Il paese guarda al di fuori dei confini. La politica estera assertiva e la questione dei diritti umani hanno sbarrato la strada dell’annessione all’Europa, assieme ai timori di una nuova ondata migratoria. Ma la svalutazione della lira è vista con favore dal governo, perché rende convenienti le esportazioni e consente di incassare valuta pregiata. Non altrettanto dalla popolazione, stremata dall’inflazione e dalla corsa di un sistema economico perennemente surriscaldato. Nei giorni scorsi il valore della divisa turca è sceso ai minimi storici dopo l’annuncio del presidente, che ha dichiarato di voler espellere un gruppo di otto diplomatici occidentali: paesi di primo piano (tra cui manca l’Italia), che avevano firmato un documento di solidarietà nei confronti di un oppositore politico incarcerato.
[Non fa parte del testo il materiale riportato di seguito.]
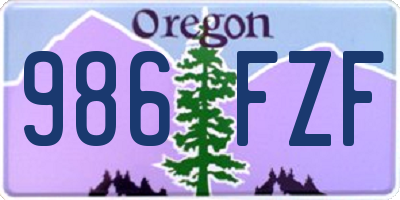 OR license plate 986FZF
A inizio millennio, per un dollaro bastavano 1,5 lire turche, oggi ne servono undici. Tutto ciò che viene importato costa, parecchio. Per i nuovi ricchi cambia poco; per le famiglie, molto.
La nuova Turchia: startup, droni e uomo nello spazio
Ma la strategia di Erdogan non è basata unicamente su pilastri di cemento armato. Nelle ambizioni del governo, c’è un altro settore chiave: quello militare. Si spende per la ricerca ad alta potenziale, fioccano le commesse, illustra Mehmet Fatih Kacir, viceministro all’Industria e alla Tecnologia, raccontando traguardi raggiunti e obiettivi futuri.
I risultati cominciano a intravedersi. Il paese, unico al mondo assieme agli Stati Uniti, organizza una competizione per missili; l’intenzione, nel giro di un quinquennio, è quella di spedire un uomo nello spazio, e una sonda sulla luna. Non si tratta solo di business alla Elon Musk, ma di difesa.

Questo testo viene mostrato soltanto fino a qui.